Ronald Arthur Howard (born August 27, 1934) is an emeritus professor in the Department of Engineering-Economic Systems (now the Department of Management Science and Engineering) in the School of Engineering at Stanford University.

Howard directs teaching and research in decision analysis at Stanford and is the Director of the Decisions and Ethics Center, which examines the efficacy and ethics of decision-making under uncertainties. He coined the term "Decision Analysis" in a paper in 1966, kickstarting the field. He was a founding Director and Chairman of Strategic Decisions Group. Current research interests are improving the quality of decisions, life-and-death decision-making, and the creation of a coercion-free society. Howard also taught a graduate-level course, "Voluntary Social Systems", which investigated the means of constructing and operating a coercion-free society.

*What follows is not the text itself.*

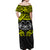 Marquesas Islands Off Shoulder Long Dress Yellow Polynesia Pattern Mix Tiki LT13 - Polynesian Pride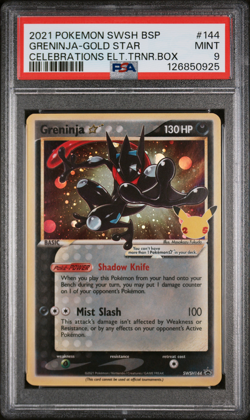 Pokemon Greninja Gold Star SWSH144 25th Celebrations Promo PSA 9 - Image 1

In 1986 he received the Operations Research Society of America's Frank P. Ramsey Medal "for distinguished contributions in decision analysis".  In 1998 he received from the Institute for Operations Research and the Management Sciences (INFORMS) the first award for the teaching of operations research/management science practice. In 1999 INFORMS invited him to give the Omega Rho Distinguished Plenary Lecture at the Cincinnati National Meeting.

Howard was elected a member of the National Academy of Engineering in 1999 for contributions to the foundations of decision analysis and its application. He received the Dean's Award for Academic Excellence. He was elected to the 2002 class of Fellows of the Institute for Operations Research and the Management Sciences. The Raiffa-Howard award for organizational decision quality is named after him and Howard Raiffa.

Howard earned his Sc.D. in Electrical Engineering from MIT in 1958 (under George E. Kimball) and was an associate professor there until he joined Stanford in 1965. He pioneered the policy iteration method for solving Markov decision problems, and this method is sometimes called the "Howard policy-improvement algorithm" in his honor. He was also instrumental in the development of the Influence diagram for the graphical analysis of decision situations.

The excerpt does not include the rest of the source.